The turrets looked pretty comical now that they were painted only from the bottom. I obviously wasn't going to leave them like that, so it was fine that they stood out like this in the wip pics.



18.4.18

Session XVII

A priming process in two acts

First

As usual, I blasted the primer on the model in two subsessions. I chose my starting side so that I'd have the most coverage. To achieve that I thought that the bottom part of the tank would be good, and as for the turrets I decided to prime the tops first. Naturally I forgot the cable wheel totally and that was the bit I intended to start with.



Second

When I was done I left the bits to dry overnight and to my great surprise continued my priming the next evening. This time I started with the cable wheel, then finished up coating the turrets and finally the tank itself with the most weird bits and shapes. The side armour plates on the tank weren't up to my made-up requirements, so I gave them another layer of primer.



To wrap this session up I present a top-down image - and to break up the monotony of my photography a bit. That gave a pretty wintery feeling. Now it'll be nice to get back to the basic green painting.


4.4.18

Session XVI

Straightening up

A part of the armoured plates were grinning uglily, so I wanted to take care of them before proceeding. I didn't try anything more complicated than applying glue and squeezing the bits tightly together. Most of the bits got fixed, but I wasn't left with perfection, anyway.


A coin for scale, again

PuTTY

The rest of the gaps I was going to fill up with putty. But what did I find when I finally sat down and started unscrewing the cap? I immediately got a flashback (to last or even the previous year, maybe) when I touched the cap: I had only left it just a bit closed, so that it wouldn't dry up while I was applying the goo on something.

Apparently what I had used had been enough and I hadn't realized that it was still openish. All that remained was stuck inside the tube and utterly useless. Sigh.
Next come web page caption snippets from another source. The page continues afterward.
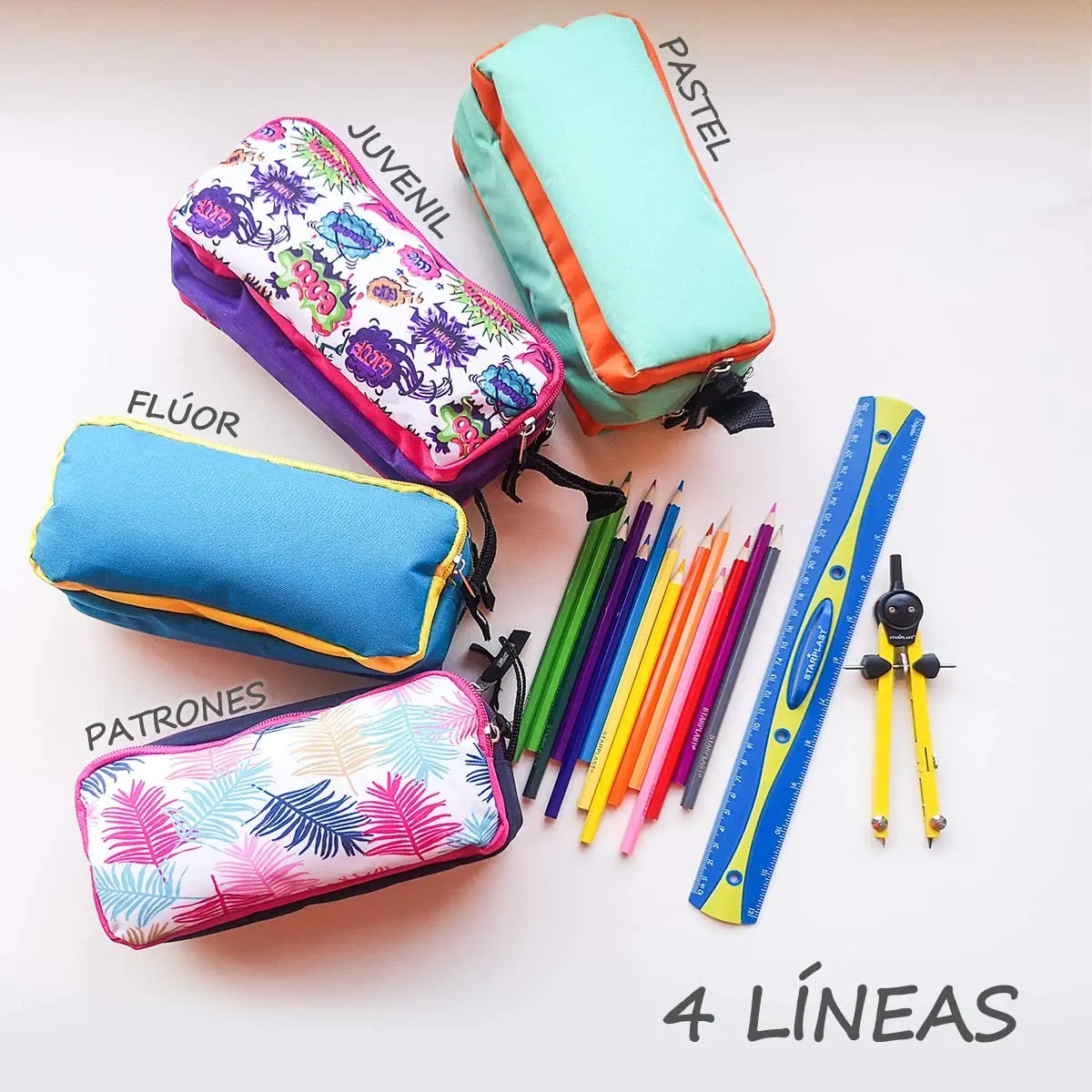 STARPLAST 3 Zippers 3 Zippers 3 Zippers 3 Zippers Case Large Capacity Multi-purpose School Use image 5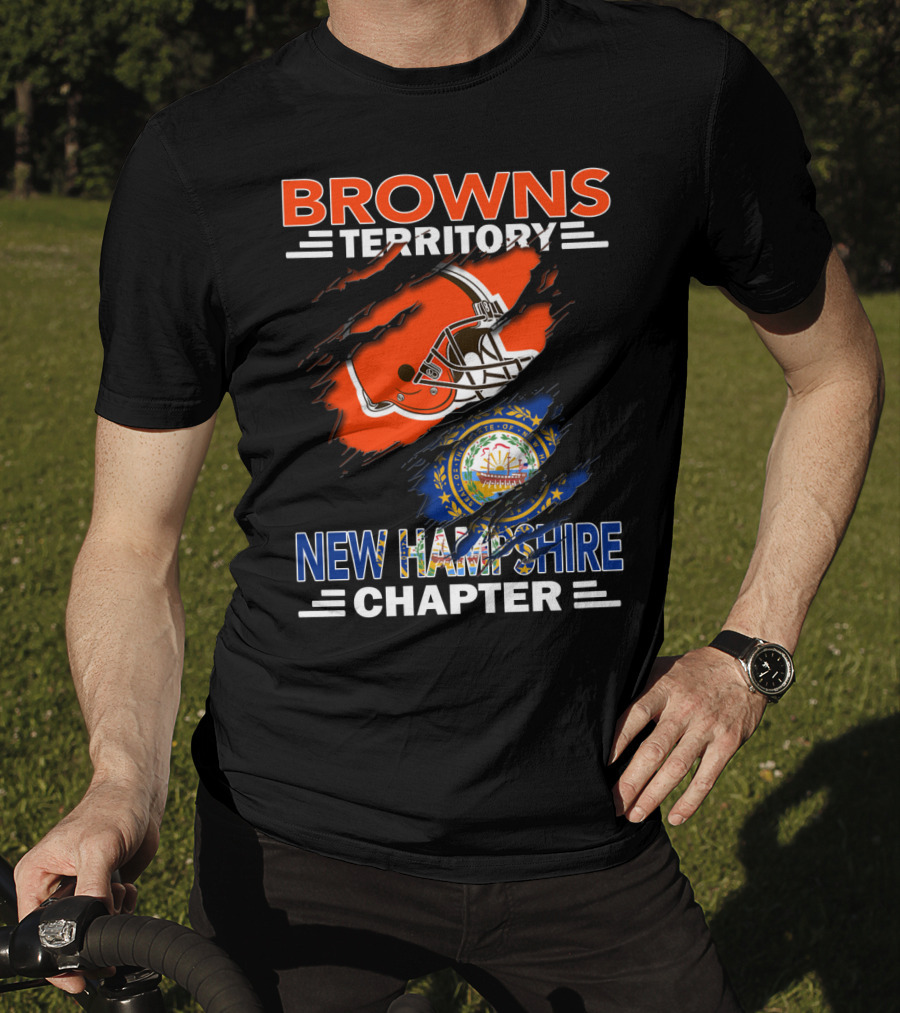 Browns Territory New Hampshire Chapter Football Helmet And State Seal T-Shirt
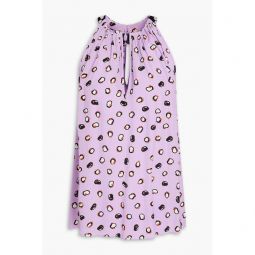 Lilia cutout printed crepe top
So I went by the LHS on my way from work the next day and bought a new tube. I didn't care about the brand, so I picked up the first one I saw. The one I had earlier was Tamiya's, this was something called Mr. White Putty. It was a bit runnier than the thickish old one was, based on one trial run.



Sanding it all down

Erring on the side of caution I allowed the stuff to dry overnight and sanded the excesses off the next evening, resorting to a file in the more annoying corners. The left front of the tank looked a bit off, but that was caused by the extra gluing, not by putty that didn't feel like obeying abrasive behaviour.